Each day, three resident physicians and three anaesthesia nurses participated in the training. On three training days, a senior anaesthesiologist joined them in the training. Figure 1 provides an overview of the training procedure and trainees. The entire study period involved 10 training days. The training day consisted of an introduction into CRM and into clinical and behavioural skills, of a familiarisation with the SimMan, and of four simulated scenarios and subsequent debriefings. All simulated scenarios involved unexpected critical events such as difficult intubation, cardiac arrest or tension pneumothorax in order to simulate crisis management and to increase clinical and behavioural skills requirement. Each day, the first scenario consisted of a very complex scenario (ie, pregnant woman with a polytrauma) which involved the participation of all trainees and served as ‘de-freezer’ for reducing trainees’ fears of being observed in the simulator. The subsequent three scenarios each involved only two trainees (ie, one resident, one nurse) while the remaining trainees observed them from the debriefing room via synchronised video broadcast. That is, three two-person teams each participated in a different scenario that lasted approximately 20 min. Figure 2 provides an overview of the simulation training setting. Video and vital parameter recordings were obtained using the Laerdal setup allowing for synchronised recording and playback of video, monitor and ventilator data. The debriefings took place immediately after the simulation and followed the procedure described in table 2. They lasted about 45 min and involved all trainees, that is, those who actively participated in the scenario and those who observed them.

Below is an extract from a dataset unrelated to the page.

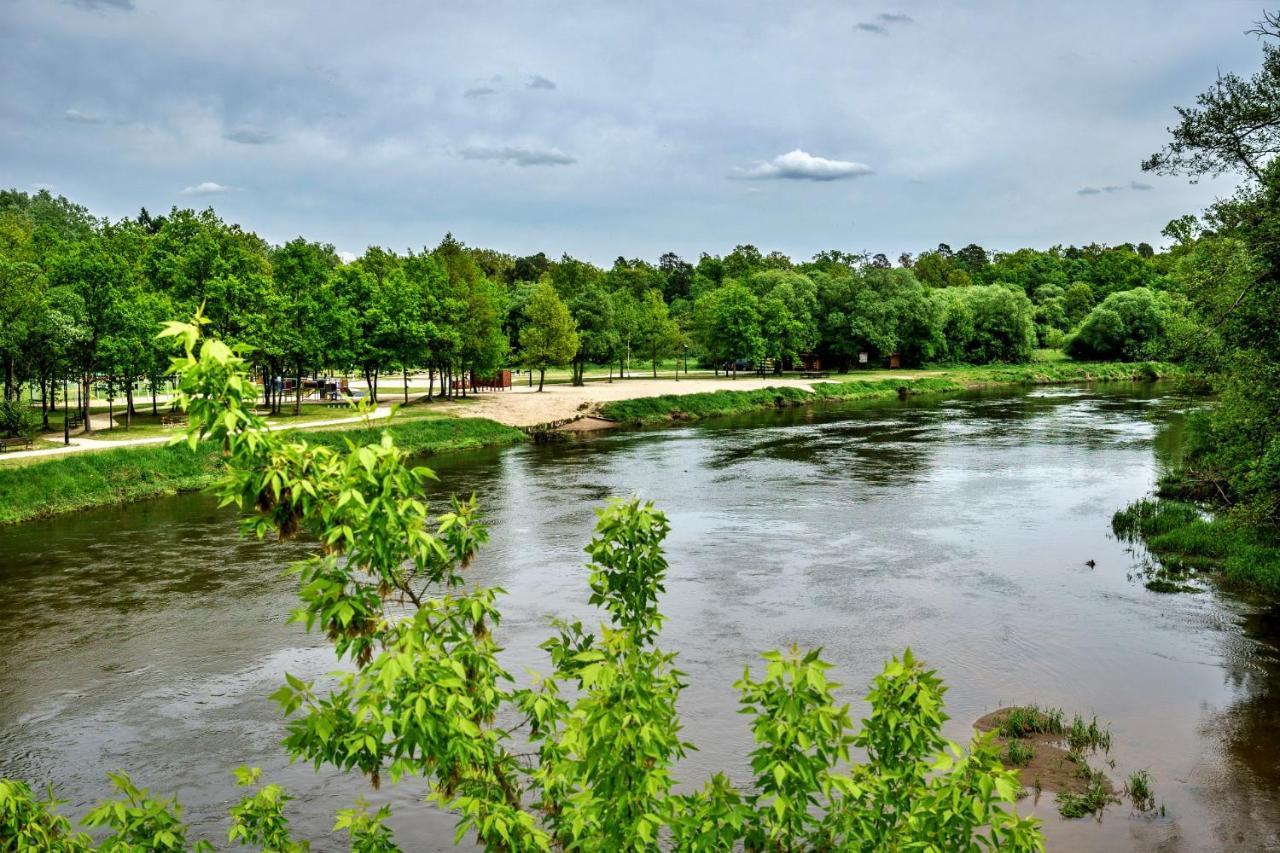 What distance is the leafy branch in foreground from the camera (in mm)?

Overview of the training procedure for each day following a detailed introduction and familiarisation with the simulation environment.
Overview of the simulation training setting.
Study participants
The trainees were 4 senior anaesthetists (2 female and 2 male), 29 resident anaesthetists (11 female and 18 male), and 28 anaesthesia nurses (22 female and 6 male) from a teaching hospital in Switzerland. Training participation was offered by senior management and scheduled based on availability of anaesthesia staff. All participants attended the training voluntarily, during regular working hours and received credits for their participation. Each day, three residents and three nurses participated; on three training days four senior anaesthesiologists additionally took part. This resulted in 61 trainees over the 10-day study period. Organised in teams of two (one resident, one nurse) they participated in the scenario while being observed by their colleagues, except for the first scenario of the day in which all team members participated at once. That is, each trainee actively participated in two scenarios and observed two more.

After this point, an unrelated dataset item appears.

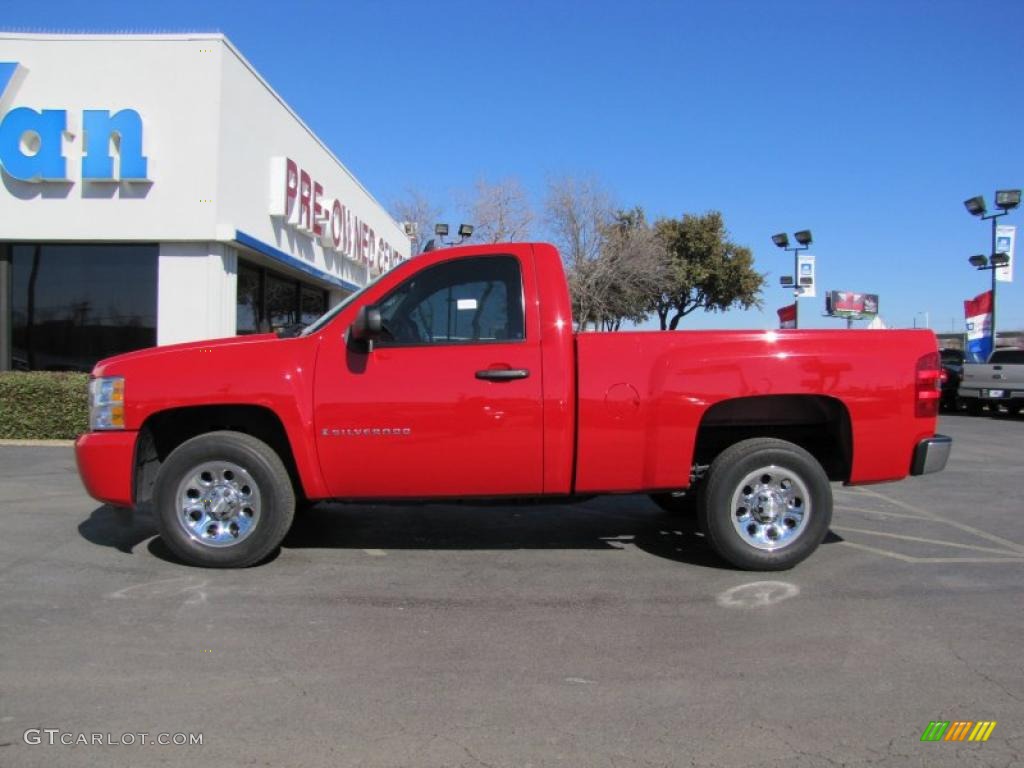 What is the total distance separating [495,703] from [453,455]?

After each of the daily four debriefings, all trainees were asked to evaluate the debriefings using the measures described below. This resulted in four measurement points of debriefing quality for 52 trainees and three measurement points for nine participants, who had to leave early but were nevertheless included in the analyses, resulting in 235 assessments of the debriefings.
Measures
In order to assess the quality of the debriefings we measured the trainees’ perception of the quality of each debriefing by using a self-report debriefing quality scale.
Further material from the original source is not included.